### Records for processing

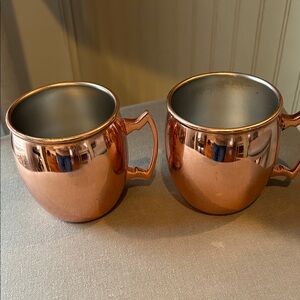 Elegant Copper-Plated Mugs Set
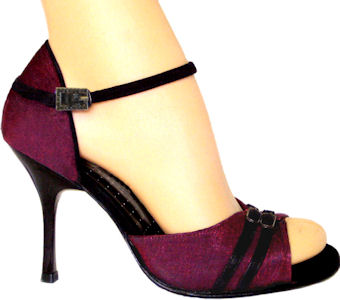 argentine tango shoes-Vida Mia - Lisa (adjustable)-With polished black stone ankle buckle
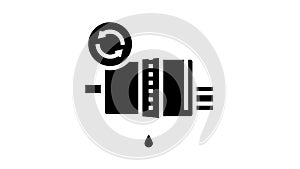 fuel filter replacement glyph icon animation
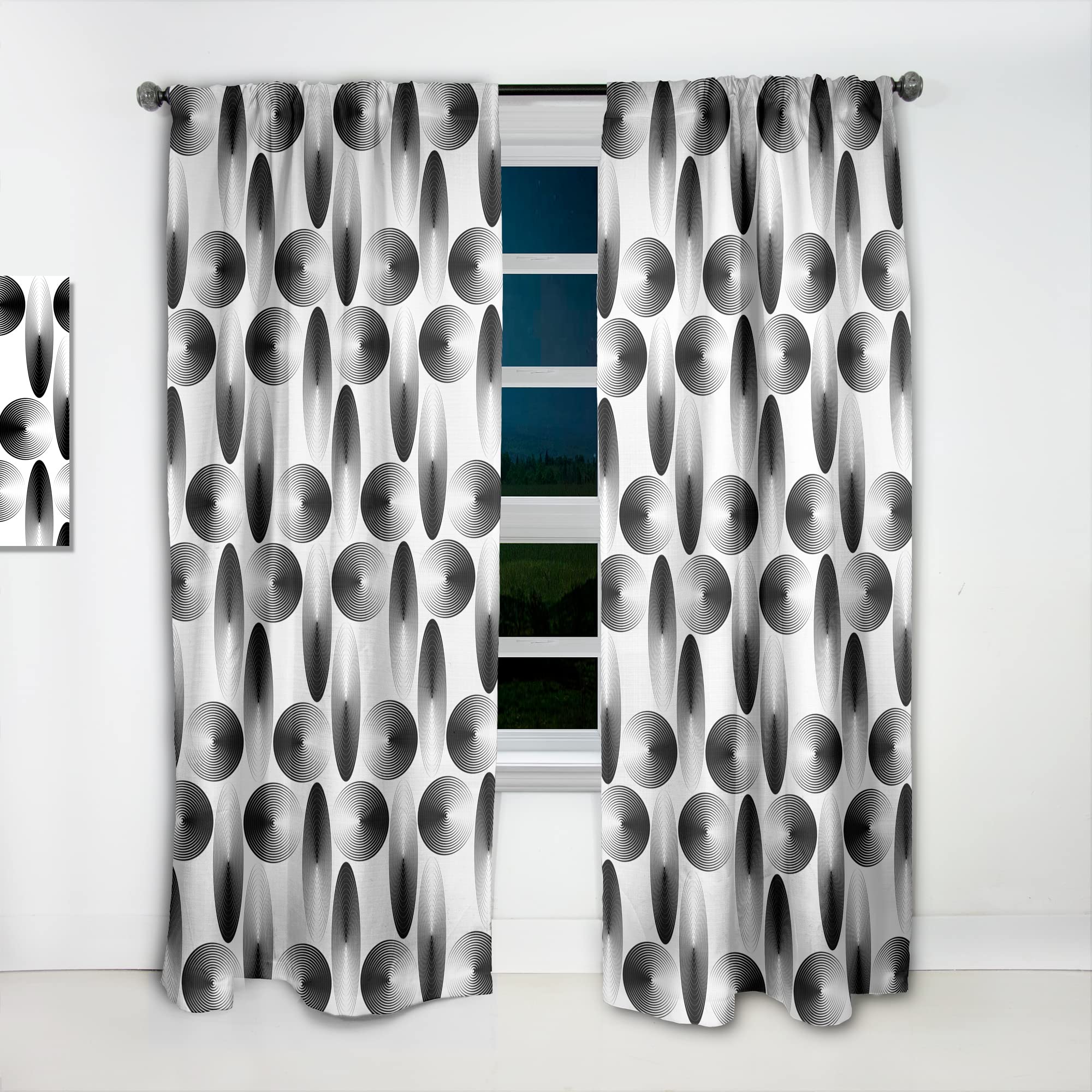 DesignQ Retro Geometric Abstract Pattern IV Thermal Insulated Curtains - Single Panel 52x108 - Blackout Drapes for Bedroom & Living Room - Perfect for Home Decor & Light Control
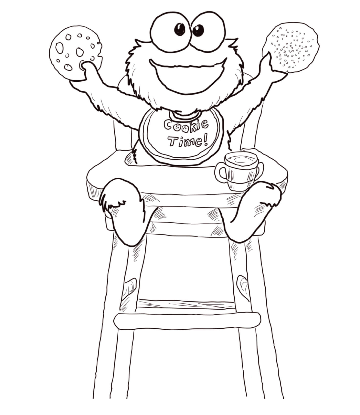 Little Baby Cookie Monster Eating Cookies Coloring Page for kids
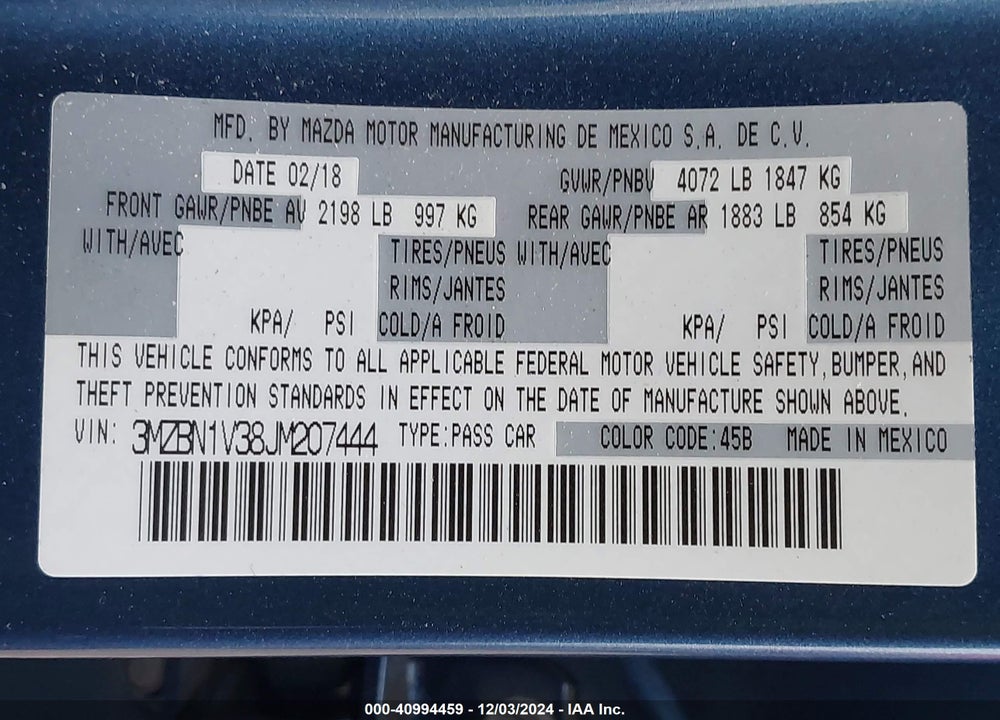 2018 MAZDA 3 TOURING VIN: 3MZBN1V38JM207444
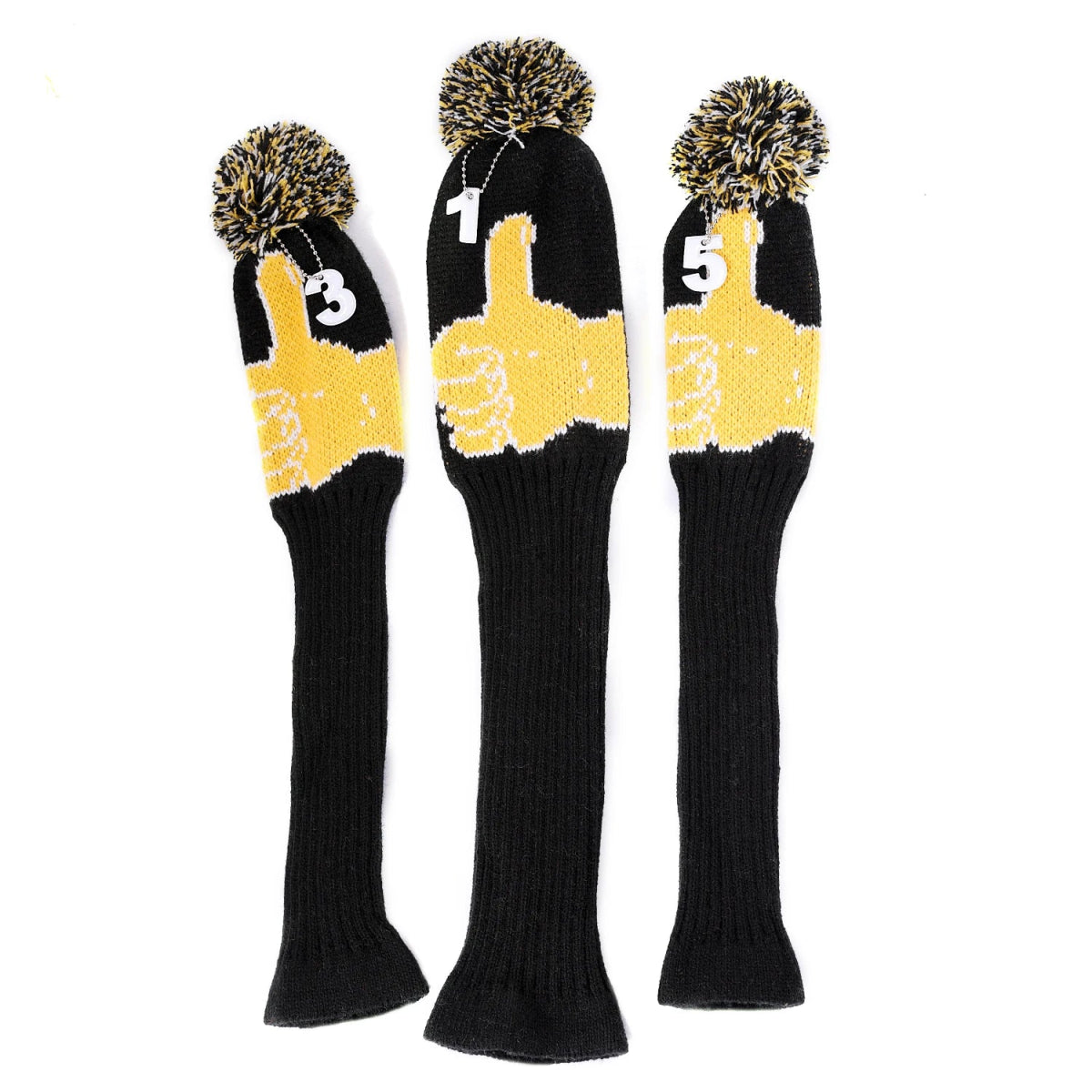 Vintage Vibe Golf Club Headcovers Set – 3pcs Knitted Pom Pom Sock Covers for Drivers and Fairway Woods - Club Rehab - HeadcoverBumblebee Buzz45134536966336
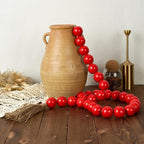 OMISHE 60" Long Large Wood Bead Garland with 1.6" Diameter Wooden Beads and Tassels, Rustic Farmhouse Country Wood Beads Garland for Home Tiered Tray Decor, Decorative Beads with Tassels Red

### Assignment
Omit every picture, and please return the entries exactly from the first line through the line with "DesignQ Retro Geometric", both included.

### Output of the task
 Elegant Copper-Plated Mugs Set
 argentine tango shoes-Vida Mia - Lisa (adjustable)-With polished black stone ankle buckle
 fuel filter replacement glyph icon animation
 DesignQ Retro Geometric Abstract Pattern IV Thermal Insulated Curtains - Single Panel 52x108 - Blackout Drapes for Bedroom & Living Room - Perfect for Home Decor & Light Control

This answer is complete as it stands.